A friend and former colleague asked me the other day how do you know the content you deliver to clients is working?
In other words, is the content raising their profile? Is it attracting and driving business?
It’s a fair question, especially for marketers who’ve been at it for a while; the concept of inbound marketing is still very new, and the idea that a brand isn’t blasting out its message seems … wrong. But all the evidence suggests it’s the right strategy at the right time.
It’s all just a little too Zen.
Quite obviously, your customers are searching the Internet for information way before you hear from them. So smart organizations have embraced the idea of providing non-brand-specific information to customers somewhere out there – customers with whom they don’t yet have a relationship. We call it content marketing.
But how do you know if it works? That’s the question traditional marketers and salespeople – especially salespeople – are asking. The flippant answer is how do you know your advertising is working?
The real answer is that content-based inbound marketing offers you a much greater chance to track engagement and gauge how prospects move through your sales funnel. Rather than putting a message out into the world and hoping – but never really knowing – if potential customers respond and whether that response is positive or negative, inbound marketing gives you the opportunity to use easily tracked metrics.
Baseline traffic numbers.
These include pageviews and unique visitors. Basically, you’re tracking quantity, not quality. But quantity does matter, at least to a point. If no one is on your website, well… it’s kind of a waste of time.
If you’re producing quality content, you should be attracting a quality audience; that is, you should be attracting prospective customers. The way to understand whether you’re operating at this intersection of content and prospects is in quality indicators such as bounce rate and time on site. Bounce rate is the number of people who view one page of your site and then leave. So if your bounce rate is high – more than 50 percent – it demonstrates that you are not capturing your readers’ attention. You can also be more sophisticated with a tool such as Crazy Egg, which creates heat maps that show you what sections of a page visitors are viewing.
You don’t want to be talking at your audience, you want to be speaking with it. Which requires the audience to speak back, to engage with you in your thoughts. Two simple indicators that your audience is engaged are comments and social sharing. Are they commenting on your content, or perhaps commenting with you off site on social media? These are signs that you are breaking through. Social sharing is critical as well; if your content is deemed share-worthy, it means you’re doing something right, and you’re getting your name out there as a thought leader.

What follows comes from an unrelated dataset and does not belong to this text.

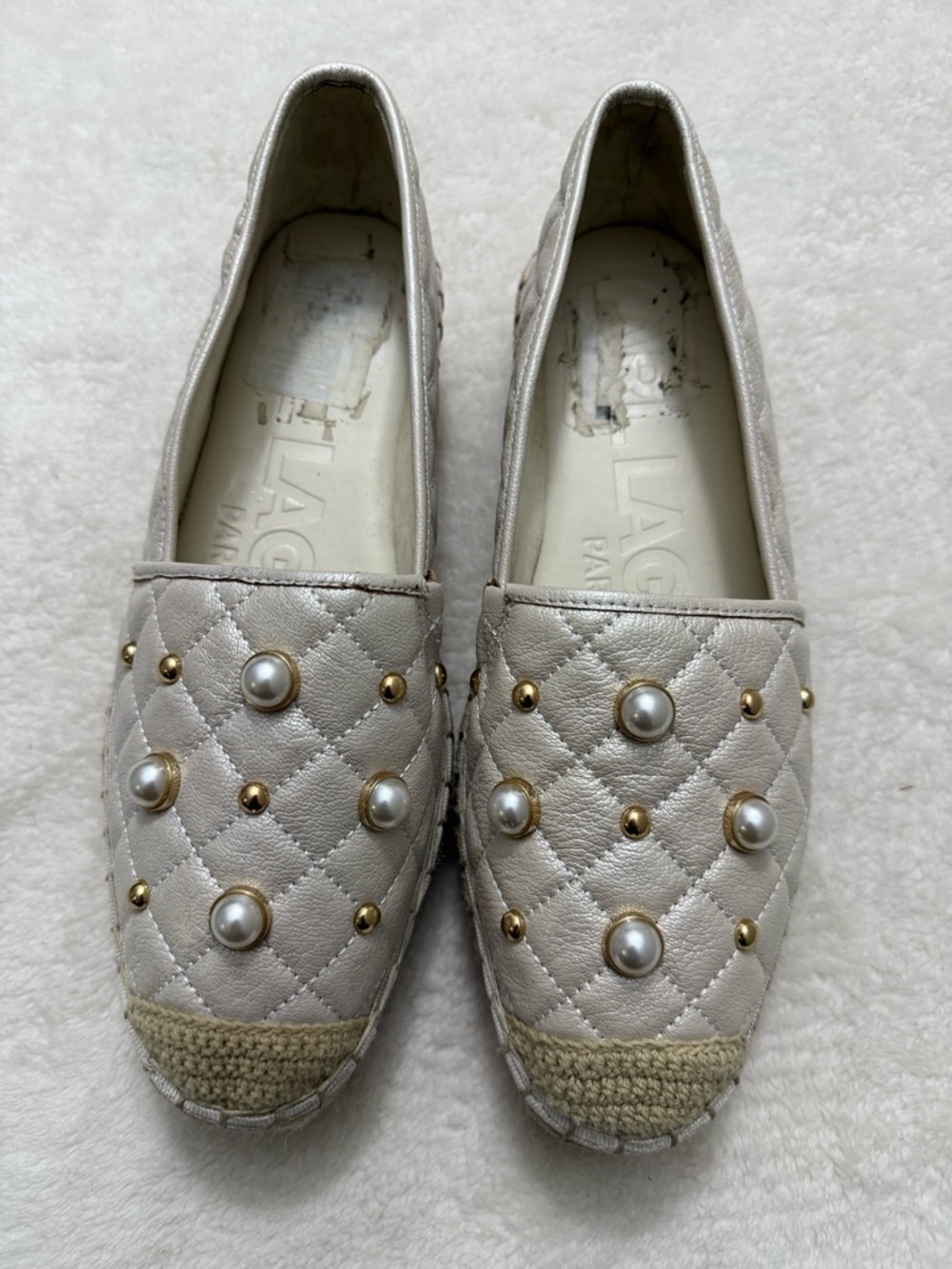 Karl Lagerfeld Quilted Pearl & Gold Stud Espadrilles - Champagne Metallic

The goal of every content strategy is – or at least should be – to build trust. With trust, you can generate a connection with your audience that makes them far more likely to consider you as an organization with which they want to do business. And that means you need to always understand where you stand with that audience. Are they paying attention? Are they engaged? Following these metrics begins to tell you whether your content strategy is working.